Technicians planned to add an interstage adapter before hoisting the Atlas
5's Centaur upper stage atop the booster Monday, completing the build-up
of the two-stage rocket.

The launch of NASA's Mars Atmosphere and Volatile Evolution, or MAVEN,
mission only requires the most basic version of the Atlas 5 rocket. Called
the "401" configuration, the Atlas 5 rocket for MAVEN features no solid
rocket boosters, a Centaur stage with a single RL10 engine, and a four-meter
payload fairing.

ULA can add strap-on boosters, a second RL10 engine and a larger five-meter
nose shroud for payloads requiring the extra capability.

The launch of MAVEN will be the seventh Atlas 5 flight of the year, and
the sixth from Cape Canaveral's seaside launch pad. ULA workers are in
the final stretch of integrating and testing a Delta 4 rocket and its
payload, a U.S. Air Force GPS navigation satellite, at Complex 37B for
launch Oct. 23, less than 4 miles from the Atlas 5 rocket's launch pad.

Preparations for MAVEN's launch continue despite the partial shutdown
of the federal government. After a two-day pause in the spacecraft's processing
last week, NASA granted an exemption to resume work on MAVEN, which is
in a time crunch to launch in a narrow window between Nov. 18 and mid-December.

Mars missions can only launch when the planets are properly aligned, and
the next opportunity to launch MAVEN after December comes in early 2016.
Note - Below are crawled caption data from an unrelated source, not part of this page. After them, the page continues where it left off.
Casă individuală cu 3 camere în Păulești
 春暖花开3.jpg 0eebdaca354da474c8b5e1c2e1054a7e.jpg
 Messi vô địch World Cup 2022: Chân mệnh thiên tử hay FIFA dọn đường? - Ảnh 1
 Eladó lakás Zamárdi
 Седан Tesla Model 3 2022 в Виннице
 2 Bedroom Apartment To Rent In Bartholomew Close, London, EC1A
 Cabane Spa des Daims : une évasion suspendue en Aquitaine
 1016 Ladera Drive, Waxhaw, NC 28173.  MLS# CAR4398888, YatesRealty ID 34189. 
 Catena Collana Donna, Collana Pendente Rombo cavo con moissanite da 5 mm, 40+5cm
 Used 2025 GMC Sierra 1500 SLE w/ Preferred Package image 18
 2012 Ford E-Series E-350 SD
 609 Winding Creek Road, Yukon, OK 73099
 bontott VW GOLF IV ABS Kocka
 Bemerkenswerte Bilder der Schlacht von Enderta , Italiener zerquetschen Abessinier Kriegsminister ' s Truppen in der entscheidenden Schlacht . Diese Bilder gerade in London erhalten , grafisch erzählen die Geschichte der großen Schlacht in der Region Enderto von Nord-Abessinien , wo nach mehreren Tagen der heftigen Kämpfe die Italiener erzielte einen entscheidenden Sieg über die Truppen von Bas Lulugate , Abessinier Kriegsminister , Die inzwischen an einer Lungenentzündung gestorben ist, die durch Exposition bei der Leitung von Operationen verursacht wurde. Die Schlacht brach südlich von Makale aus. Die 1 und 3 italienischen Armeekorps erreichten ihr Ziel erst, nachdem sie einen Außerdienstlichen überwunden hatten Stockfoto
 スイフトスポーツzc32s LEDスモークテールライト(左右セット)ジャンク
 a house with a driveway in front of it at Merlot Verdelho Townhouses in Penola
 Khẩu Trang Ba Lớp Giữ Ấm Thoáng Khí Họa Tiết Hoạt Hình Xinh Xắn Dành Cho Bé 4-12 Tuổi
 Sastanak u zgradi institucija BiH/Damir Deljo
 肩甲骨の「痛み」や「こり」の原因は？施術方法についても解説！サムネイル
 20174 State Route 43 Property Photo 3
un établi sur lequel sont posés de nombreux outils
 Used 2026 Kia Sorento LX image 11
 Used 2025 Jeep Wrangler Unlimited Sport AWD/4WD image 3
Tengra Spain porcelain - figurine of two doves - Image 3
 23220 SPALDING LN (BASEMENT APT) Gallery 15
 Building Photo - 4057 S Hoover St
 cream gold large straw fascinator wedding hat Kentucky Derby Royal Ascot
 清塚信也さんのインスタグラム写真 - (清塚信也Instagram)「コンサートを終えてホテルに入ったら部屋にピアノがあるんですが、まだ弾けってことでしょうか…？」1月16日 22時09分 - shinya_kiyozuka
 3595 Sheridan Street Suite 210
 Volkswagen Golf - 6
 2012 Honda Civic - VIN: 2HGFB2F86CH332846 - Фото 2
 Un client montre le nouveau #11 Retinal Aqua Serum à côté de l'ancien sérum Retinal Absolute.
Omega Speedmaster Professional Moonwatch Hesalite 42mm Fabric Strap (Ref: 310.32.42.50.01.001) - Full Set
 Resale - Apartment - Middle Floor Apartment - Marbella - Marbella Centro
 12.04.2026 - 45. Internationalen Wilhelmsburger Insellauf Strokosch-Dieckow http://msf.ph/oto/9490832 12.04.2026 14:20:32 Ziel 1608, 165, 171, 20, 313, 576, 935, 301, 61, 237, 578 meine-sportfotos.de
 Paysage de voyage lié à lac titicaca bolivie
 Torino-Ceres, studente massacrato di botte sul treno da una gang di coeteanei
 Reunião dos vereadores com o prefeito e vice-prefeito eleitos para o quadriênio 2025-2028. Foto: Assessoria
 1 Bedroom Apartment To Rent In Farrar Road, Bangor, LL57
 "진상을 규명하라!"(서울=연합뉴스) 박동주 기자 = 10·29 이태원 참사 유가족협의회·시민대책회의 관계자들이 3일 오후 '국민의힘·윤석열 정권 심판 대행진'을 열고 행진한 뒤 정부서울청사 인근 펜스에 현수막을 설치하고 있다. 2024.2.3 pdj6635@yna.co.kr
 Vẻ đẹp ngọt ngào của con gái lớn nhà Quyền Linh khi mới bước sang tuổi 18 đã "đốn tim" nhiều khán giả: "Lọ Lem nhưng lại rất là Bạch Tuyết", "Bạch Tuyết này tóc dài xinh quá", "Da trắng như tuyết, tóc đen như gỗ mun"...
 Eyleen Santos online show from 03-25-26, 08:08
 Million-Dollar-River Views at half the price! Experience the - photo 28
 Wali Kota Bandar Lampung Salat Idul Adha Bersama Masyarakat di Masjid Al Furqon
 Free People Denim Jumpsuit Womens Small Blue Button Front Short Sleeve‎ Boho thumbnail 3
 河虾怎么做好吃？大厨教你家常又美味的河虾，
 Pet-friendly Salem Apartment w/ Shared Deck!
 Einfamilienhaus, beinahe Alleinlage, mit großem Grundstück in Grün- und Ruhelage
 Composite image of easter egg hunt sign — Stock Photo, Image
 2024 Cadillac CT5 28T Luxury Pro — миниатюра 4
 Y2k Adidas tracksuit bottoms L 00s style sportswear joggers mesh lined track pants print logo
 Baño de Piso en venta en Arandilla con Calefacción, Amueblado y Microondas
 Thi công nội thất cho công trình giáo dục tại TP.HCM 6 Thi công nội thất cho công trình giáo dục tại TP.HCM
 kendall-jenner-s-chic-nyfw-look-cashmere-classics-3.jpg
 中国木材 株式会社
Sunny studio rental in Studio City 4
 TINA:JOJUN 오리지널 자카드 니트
But thanks to its exemption from the government shutdown, MAVEN is on
schedule to launch Nov. 18 in a two-hour launch window opening at 1:28
p.m. EST (1828 GMT).

The $671 million mission will reach Mars in September 2014, entering an
elliptical orbit dipping into the outermost layers of the Martian atmosphere
to sample its composition and measure its response to stimuli from solar
activity.

Scientists hope MAVEN will address uncertainties in how Mars evolved from
a planet with a warmer, thicker atmosphere with water into the barren
world observed today.

Technicians from Lockheed Martin Corp., MAVEN's prime contractor, will
load about 3,600 pounds of hydrazine fuel into the spacecraft's propellant
tank Oct. 24. The Atlas 5's clamshell-like payload fairing will encapsulate
MAVEN on Nov. 5, and workers plan to transport the Mars orbiter to the
Atlas 5 launch pad Nov. 7 to top off the 19-story launcher.